TASK BRIEF: Give every line of the records exactly, please, from the first up to and including the one containing "尤尼克斯YONEX羽毛球拍官方正品旗舰店疾光NF1000Z专...".

(Data entries)
· · · · ·
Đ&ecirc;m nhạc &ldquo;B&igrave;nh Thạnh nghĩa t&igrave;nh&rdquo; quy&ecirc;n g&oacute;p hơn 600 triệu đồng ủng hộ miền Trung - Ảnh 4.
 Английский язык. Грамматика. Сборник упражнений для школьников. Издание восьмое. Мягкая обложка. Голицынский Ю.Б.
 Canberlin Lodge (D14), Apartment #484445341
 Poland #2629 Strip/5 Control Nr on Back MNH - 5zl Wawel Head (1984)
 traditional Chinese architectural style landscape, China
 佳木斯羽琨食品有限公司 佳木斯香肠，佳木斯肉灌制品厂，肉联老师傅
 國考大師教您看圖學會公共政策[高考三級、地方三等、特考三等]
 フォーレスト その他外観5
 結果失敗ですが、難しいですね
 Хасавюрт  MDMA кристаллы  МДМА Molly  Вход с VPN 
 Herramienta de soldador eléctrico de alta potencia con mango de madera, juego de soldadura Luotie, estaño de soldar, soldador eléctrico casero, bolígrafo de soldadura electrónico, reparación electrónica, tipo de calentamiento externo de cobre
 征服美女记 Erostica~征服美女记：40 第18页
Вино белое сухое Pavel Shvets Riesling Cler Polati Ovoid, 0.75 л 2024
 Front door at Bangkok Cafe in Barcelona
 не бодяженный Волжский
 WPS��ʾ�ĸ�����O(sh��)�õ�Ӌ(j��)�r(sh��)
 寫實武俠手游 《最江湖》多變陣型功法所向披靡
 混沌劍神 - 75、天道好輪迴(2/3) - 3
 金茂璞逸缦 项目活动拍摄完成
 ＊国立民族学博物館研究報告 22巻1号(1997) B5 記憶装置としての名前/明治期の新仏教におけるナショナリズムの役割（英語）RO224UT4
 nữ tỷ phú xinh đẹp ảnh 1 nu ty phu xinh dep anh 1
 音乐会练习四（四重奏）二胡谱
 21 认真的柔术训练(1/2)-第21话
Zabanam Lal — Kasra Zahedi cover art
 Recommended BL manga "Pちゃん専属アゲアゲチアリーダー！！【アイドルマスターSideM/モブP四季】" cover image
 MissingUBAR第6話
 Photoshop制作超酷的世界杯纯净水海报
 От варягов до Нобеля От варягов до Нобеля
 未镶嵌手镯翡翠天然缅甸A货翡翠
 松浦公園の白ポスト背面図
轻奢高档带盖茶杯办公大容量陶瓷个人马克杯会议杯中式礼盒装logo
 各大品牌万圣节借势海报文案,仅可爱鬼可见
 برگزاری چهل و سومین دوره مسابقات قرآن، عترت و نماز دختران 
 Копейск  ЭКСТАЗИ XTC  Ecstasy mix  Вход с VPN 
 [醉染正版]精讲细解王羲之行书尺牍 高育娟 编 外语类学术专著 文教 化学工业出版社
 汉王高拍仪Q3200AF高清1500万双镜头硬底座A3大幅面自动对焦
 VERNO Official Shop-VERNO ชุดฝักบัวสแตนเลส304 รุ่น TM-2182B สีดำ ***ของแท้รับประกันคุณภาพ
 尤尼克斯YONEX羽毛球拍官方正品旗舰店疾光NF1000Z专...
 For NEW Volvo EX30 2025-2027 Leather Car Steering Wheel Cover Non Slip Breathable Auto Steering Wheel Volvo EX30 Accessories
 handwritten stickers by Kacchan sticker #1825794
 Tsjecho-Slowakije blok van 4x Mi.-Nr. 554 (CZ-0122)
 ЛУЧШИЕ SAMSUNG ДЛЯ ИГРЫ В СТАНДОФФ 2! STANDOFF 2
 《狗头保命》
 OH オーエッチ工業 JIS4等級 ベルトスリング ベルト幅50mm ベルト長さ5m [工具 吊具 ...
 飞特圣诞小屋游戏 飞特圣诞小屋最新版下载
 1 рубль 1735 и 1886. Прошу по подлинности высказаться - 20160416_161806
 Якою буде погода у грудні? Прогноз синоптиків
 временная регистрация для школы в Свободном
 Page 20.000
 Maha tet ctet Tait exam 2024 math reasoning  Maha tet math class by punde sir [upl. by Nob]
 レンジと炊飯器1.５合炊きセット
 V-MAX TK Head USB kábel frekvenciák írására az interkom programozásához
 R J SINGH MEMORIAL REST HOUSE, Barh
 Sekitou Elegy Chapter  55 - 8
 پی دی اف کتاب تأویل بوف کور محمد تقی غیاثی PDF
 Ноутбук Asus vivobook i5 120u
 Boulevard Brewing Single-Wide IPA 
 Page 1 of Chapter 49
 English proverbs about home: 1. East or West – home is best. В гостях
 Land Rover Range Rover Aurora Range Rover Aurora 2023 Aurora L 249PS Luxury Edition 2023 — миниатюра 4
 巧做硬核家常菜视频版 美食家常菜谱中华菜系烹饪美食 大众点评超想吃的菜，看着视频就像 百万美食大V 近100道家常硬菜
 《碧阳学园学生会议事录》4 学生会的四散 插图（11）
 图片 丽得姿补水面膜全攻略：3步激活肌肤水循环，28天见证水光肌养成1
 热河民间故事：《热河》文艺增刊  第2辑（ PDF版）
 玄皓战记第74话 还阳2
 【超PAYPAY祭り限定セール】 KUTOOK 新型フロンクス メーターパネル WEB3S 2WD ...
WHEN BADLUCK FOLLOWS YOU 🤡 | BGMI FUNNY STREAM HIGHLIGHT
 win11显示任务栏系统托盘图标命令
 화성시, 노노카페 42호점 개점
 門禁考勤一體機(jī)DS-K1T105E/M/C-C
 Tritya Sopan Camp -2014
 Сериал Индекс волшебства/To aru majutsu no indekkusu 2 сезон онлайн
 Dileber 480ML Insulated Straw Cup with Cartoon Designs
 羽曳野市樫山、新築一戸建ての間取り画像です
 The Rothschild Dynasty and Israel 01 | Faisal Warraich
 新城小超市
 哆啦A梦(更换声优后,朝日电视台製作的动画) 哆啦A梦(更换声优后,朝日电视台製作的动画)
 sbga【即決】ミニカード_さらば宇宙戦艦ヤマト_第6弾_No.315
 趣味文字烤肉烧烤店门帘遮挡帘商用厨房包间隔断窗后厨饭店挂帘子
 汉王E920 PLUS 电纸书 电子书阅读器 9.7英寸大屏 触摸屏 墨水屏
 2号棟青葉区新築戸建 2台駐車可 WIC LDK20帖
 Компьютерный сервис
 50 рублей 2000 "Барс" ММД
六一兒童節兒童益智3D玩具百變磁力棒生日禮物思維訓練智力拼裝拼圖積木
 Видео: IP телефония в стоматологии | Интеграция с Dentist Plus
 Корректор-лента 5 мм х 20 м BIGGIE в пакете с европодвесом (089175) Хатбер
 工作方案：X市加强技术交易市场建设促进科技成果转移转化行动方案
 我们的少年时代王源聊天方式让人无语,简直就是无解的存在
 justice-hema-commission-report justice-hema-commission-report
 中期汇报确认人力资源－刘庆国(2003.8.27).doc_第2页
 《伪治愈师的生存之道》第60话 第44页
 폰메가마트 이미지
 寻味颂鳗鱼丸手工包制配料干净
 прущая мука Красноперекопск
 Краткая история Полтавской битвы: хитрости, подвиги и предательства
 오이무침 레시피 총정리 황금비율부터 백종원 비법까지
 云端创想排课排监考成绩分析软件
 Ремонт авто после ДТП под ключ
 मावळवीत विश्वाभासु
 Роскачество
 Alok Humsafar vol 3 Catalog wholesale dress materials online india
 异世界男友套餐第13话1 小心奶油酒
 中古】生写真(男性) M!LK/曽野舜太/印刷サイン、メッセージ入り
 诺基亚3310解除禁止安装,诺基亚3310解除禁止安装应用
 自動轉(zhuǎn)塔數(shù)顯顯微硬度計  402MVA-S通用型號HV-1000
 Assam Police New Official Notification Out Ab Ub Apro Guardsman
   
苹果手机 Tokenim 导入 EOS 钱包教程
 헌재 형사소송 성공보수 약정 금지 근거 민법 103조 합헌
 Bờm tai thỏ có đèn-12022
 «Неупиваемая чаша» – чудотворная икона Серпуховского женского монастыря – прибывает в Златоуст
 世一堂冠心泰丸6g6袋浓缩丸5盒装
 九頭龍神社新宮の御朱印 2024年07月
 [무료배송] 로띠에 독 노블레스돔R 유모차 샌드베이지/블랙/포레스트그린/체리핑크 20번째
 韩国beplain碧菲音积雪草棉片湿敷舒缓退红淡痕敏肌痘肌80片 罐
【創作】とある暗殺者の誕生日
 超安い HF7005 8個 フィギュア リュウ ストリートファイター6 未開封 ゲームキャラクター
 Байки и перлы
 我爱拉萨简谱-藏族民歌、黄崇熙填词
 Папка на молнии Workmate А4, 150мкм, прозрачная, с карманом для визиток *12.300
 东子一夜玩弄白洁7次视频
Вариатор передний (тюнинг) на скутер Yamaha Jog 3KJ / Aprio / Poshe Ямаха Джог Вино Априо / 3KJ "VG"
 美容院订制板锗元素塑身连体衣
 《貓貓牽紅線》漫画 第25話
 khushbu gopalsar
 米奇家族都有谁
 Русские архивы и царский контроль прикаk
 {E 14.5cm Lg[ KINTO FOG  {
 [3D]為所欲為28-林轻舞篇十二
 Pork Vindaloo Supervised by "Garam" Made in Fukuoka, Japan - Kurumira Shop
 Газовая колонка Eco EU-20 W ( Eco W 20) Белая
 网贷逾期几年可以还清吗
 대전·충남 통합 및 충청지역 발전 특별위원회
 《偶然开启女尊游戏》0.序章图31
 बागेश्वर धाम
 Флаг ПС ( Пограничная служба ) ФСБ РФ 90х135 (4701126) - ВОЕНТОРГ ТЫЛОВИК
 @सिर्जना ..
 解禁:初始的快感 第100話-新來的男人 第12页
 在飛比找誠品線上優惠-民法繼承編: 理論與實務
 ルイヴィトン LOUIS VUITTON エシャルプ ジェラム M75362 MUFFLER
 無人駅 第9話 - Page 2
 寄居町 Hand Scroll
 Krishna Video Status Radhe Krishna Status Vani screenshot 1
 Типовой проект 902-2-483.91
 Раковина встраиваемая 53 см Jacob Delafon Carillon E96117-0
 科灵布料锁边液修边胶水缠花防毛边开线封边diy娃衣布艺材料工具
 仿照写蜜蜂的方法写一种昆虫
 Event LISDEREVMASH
· · · · ·
EXPECTED ANSWER:
Đ&ecirc;m nhạc &ldquo;B&igrave;nh Thạnh nghĩa t&igrave;nh&rdquo; quy&ecirc;n g&oacute;p hơn 600 triệu đồng ủng hộ miền Trung - Ảnh 4.
 Английский язык. Грамматика. Сборник упражнений для школьников. Издание восьмое. Мягкая обложка. Голицынский Ю.Б.
 Canberlin Lodge (D14), Apartment #484445341
 Poland #2629 Strip/5 Control Nr on Back MNH - 5zl Wawel Head (1984)
 traditional Chinese architectural style landscape, China
 佳木斯羽琨食品有限公司 佳木斯香肠，佳木斯肉灌制品厂，肉联老师傅
 國考大師教您看圖學會公共政策[高考三級、地方三等、特考三等]
 フォーレスト その他外観5
 結果失敗ですが、難しいですね
 Хасавюрт  MDMA кристаллы  МДМА Molly  Вход с VPN 
 Herramienta de soldador eléctrico de alta potencia con mango de madera, juego de soldadura Luotie, estaño de soldar, soldador eléctrico casero, bolígrafo de soldadura electrónico, reparación electrónica, tipo de calentamiento externo de cobre
 征服美女记 Erostica~征服美女记：40 第18页
Вино белое сухое Pavel Shvets Riesling Cler Polati Ovoid, 0.75 л 2024
 Front door at Bangkok Cafe in Barcelona
 не бодяженный Волжский
 WPS��ʾ�ĸ�����O(sh��)�õ�Ӌ(j��)�r(sh��)
 寫實武俠手游 《最江湖》多變陣型功法所向披靡
 混沌劍神 - 75、天道好輪迴(2/3) - 3
 金茂璞逸缦 项目活动拍摄完成
 ＊国立民族学博物館研究報告 22巻1号(1997) B5 記憶装置としての名前/明治期の新仏教におけるナショナリズムの役割（英語）RO224UT4
 nữ tỷ phú xinh đẹp ảnh 1 nu ty phu xinh dep anh 1
 音乐会练习四（四重奏）二胡谱
 21 认真的柔术训练(1/2)-第21话
Zabanam Lal — Kasra Zahedi cover art
 Recommended BL manga "Pちゃん専属アゲアゲチアリーダー！！【アイドルマスターSideM/モブP四季】" cover image
 MissingUBAR第6話
 Photoshop制作超酷的世界杯纯净水海报
 От варягов до Нобеля От варягов до Нобеля
 未镶嵌手镯翡翠天然缅甸A货翡翠
 松浦公園の白ポスト背面図
轻奢高档带盖茶杯办公大容量陶瓷个人马克杯会议杯中式礼盒装logo
 各大品牌万圣节借势海报文案,仅可爱鬼可见
 برگزاری چهل و سومین دوره مسابقات قرآن، عترت و نماز دختران 
 Копейск  ЭКСТАЗИ XTC  Ecstasy mix  Вход с VPN 
 [醉染正版]精讲细解王羲之行书尺牍 高育娟 编 外语类学术专著 文教 化学工业出版社
 汉王高拍仪Q3200AF高清1500万双镜头硬底座A3大幅面自动对焦
 VERNO Official Shop-VERNO ชุดฝักบัวสแตนเลส304 รุ่น TM-2182B สีดำ ***ของแท้รับประกันคุณภาพ
 尤尼克斯YONEX羽毛球拍官方正品旗舰店疾光NF1000Z专...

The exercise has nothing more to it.